The journal Science has devoted a special issue to puzzling out the Earth’s energy problem. Among the articles, foretelling the prospects of moving solar electricity from Africa to Europe, the downer that cellulosic ethanol has become, and the possibility of a nuclear renaissance, is a large chart that compares various energy sources in the way they consume other natural resources.
The surprising thing about the chart is that coal and oil don’t come out looking so bad. There’s a reason why these dense forms of energy fueled the Industrial RevolutionÂ (if only they didn’t spew so much CO2).
It’s not like we’re lacking in energy on Earth. The sun emits enough power (101,000 terawatts) to keep the world’s lights on 6,700 times over. That’s remarkable. Harnessing it, however, drinks up some 3.2 liters of water per kilowatt hour when it comes to solar thermal technologies (photovoltaic needs no water). Compare that to coal, which consumes 1.9 liters/kwh and oil, which takes about 1.6.
Since fresh water shortage is another crisis of the future, tying our energy needs to water needs seems like a bad idea. Land we seem to have more of, but does it make sense to power cities off renewable streams of energy that take more land than the cities themselves?
That’s the case with San Jose, according to the chart. If the California town was entirely powered off wind, the wind farm would have to be 53,000 hectares. San Jose itself is 46,000 hectares. Coal would need only 3,800 hectares to power San Jose, while natural gas would take 290. A shocking amount is needed for biomass, which would chew up some 270,000 hectares, some five times the size of San Jose.

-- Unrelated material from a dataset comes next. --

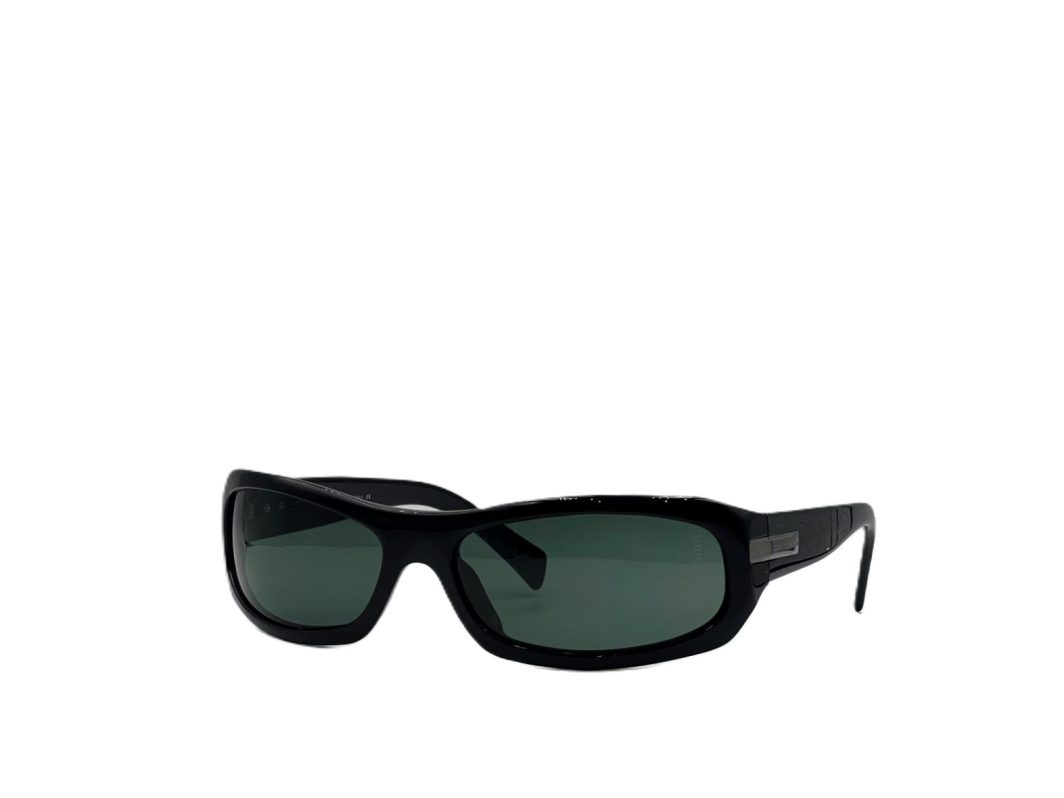 Sunglasses-Donnakaran-1003-3001-71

So what’s the solution to our energy needs in a world of finite resources? Adrian Cho, who wrote the article, points out that experts believe there’s no single solution, but rather a myriad of technologies needed. Just consuming less energy helps a lot, too. Energy efficiency is the unsung hero of meeting the world’s energy demands.
Part of the takeaway for me is that there’s no such thing as “free energy.” It all has a cost – in carbon, in water, and in land use — that makes our decisions more like balancing a checkbook. If we go into debt with one cost, there will surely be pack back later.